When I first walked into Mercy, I was met by many people who were willing to fight for me when I had no fight left to give myself. Up until that point, all my energy had been expelled just merely trying to survive, and I was exhausted. It was early on in my Mercy journey that I realized that God wanted to heal a lot more in me than I believed was broken. I hardly felt like a person anymore, and although I wanted to do everything I possibly could to avoid the emotional agony that accompanies loss and grief, I knew that to heal, I had to dig up everything that I desperately tried to bury. Much of my journey was a work of unbecoming, an undoing of everything I’d been conditioned to believe about myself and about my circumstances. But the Lord graciously sifted through my heart and ripped out everything that had prison’s label on it.

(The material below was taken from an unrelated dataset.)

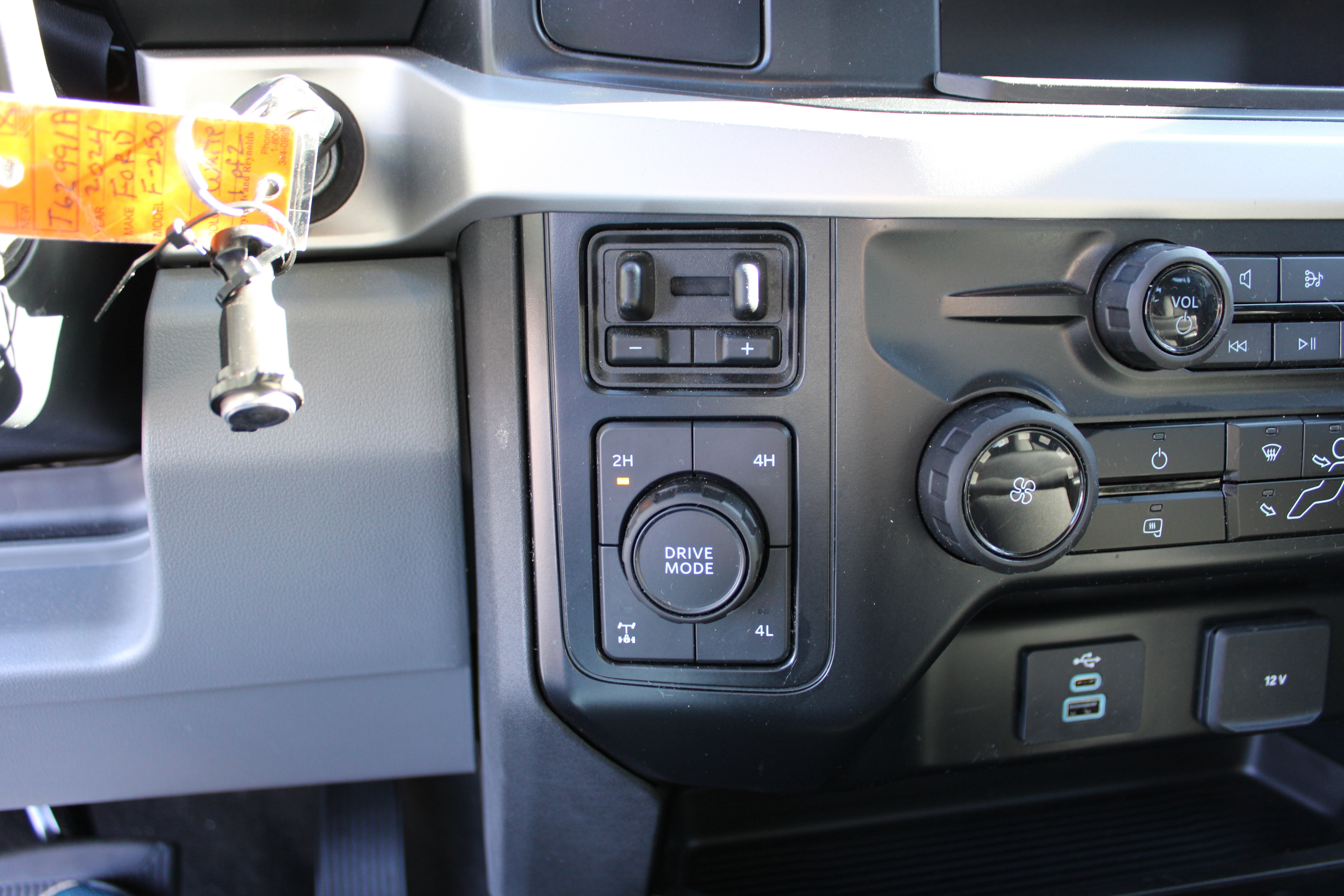 Used 2024 Ford F250 XL w/ STX Appearance Package AWD/4WD image 22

Learning to forgive was the most difficult but the most rewarding key for me. I learned early on that you always pay the price for what you keep. I got so sick of bitterness flavoring everything in my life that I finally let it go. Forgiving myself has been one of the hardest things that I’ve ever had to do, but being able to sit with myself and not hate what I see or feel is absolutely liberating. I spent a lot of time before Mercy and even within my Mercy journey navigating the self-defeating heartache of being misunderstood. I believe it to be the loneliest place on earth to feel like no one speaks the language of your pain. But I found continual comfort in the Lord being Adonai El Roi, or “the Lord Who Sees.” Because even if no one ever speaks my language, the Holy Spirit can interpret even the inaudible utterances of my soul, even the ones the human language doesn’t have the words for.
The Lord has taught me that He will always meet my greatest needs and that I can never rely on others for what only He can fill. I’ve learned that I cannot buy forgiveness with guilt and that, at the end of the day, my healing can never depend on someone else doing the right thing. Experience is a harsh teacher, but I now know the Lord in a way that no one can take away from me. I have the wounds to prove that I fought, but I survived. And for the first time in over six years, I am okay with the company of my weaknesses because they don’t threaten me anymore.
Because of the donors, I was able to find healing in a safe and uplifting environment. The tools and resources we receive while in Mercy’s care are immeasurable, and without this environment, I would have never made it through.